### Recorded information
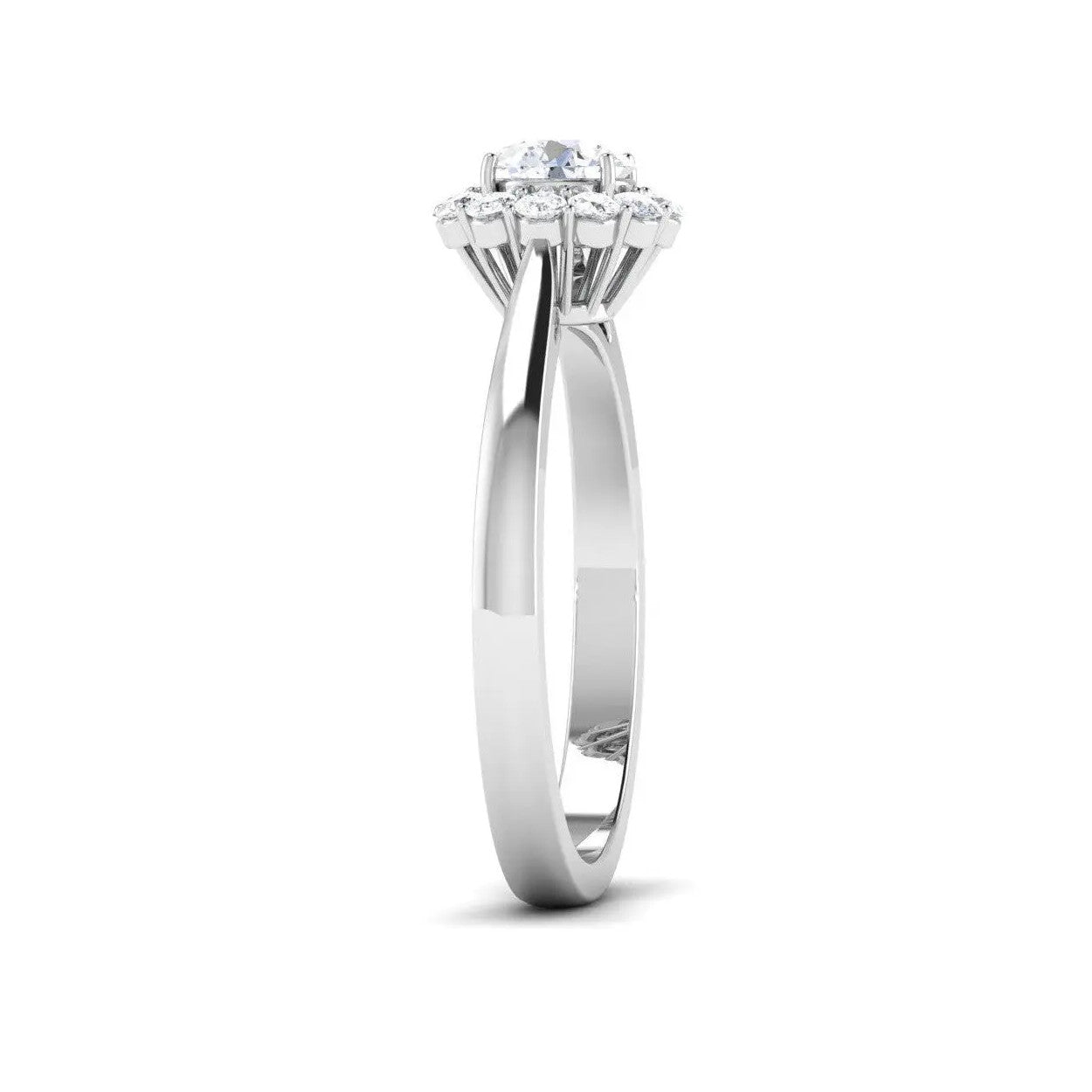 1.50-Carat Lab Grown Solitaire Halo Diamond Platinum Engagement Ring JL PT LG G 6998-C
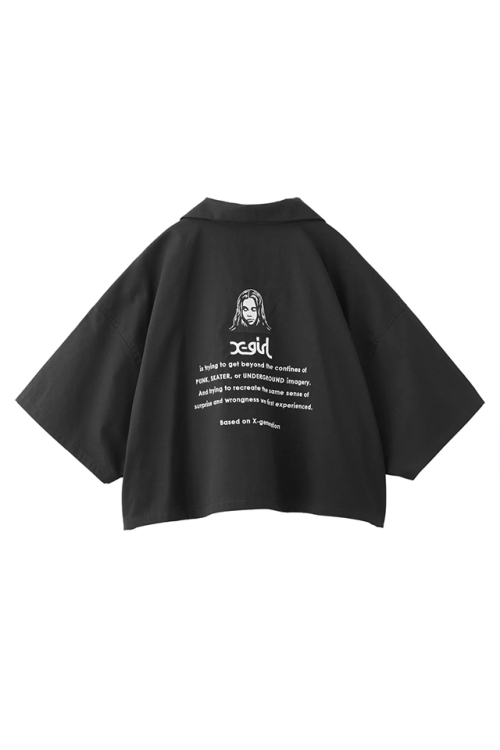 X-girl エックスガール 105252014009 FACE OPEN COLLAR CROPPED SHIRT クロップド丈シャツ BLACK 正規通販 レディース
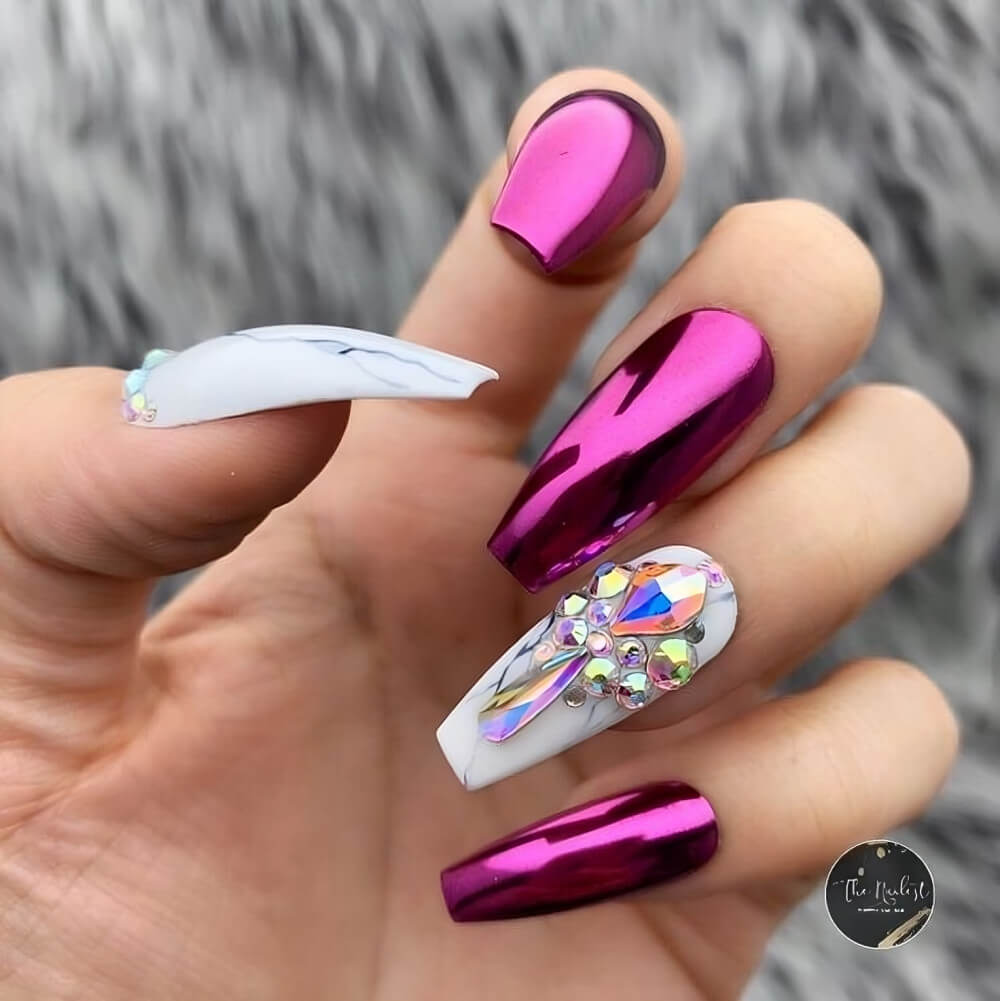 Pink Chrome Nail Designs With Gems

### Work item
Print every line above exactly. Leave the pictures out.

### Result for this exercise
 1.50-Carat Lab Grown Solitaire Halo Diamond Platinum Engagement Ring JL PT LG G 6998-C
 X-girl エックスガール 105252014009 FACE OPEN COLLAR CROPPED SHIRT クロップド丈シャツ BLACK 正規通販 レディース
 Pink Chrome Nail Designs With Gems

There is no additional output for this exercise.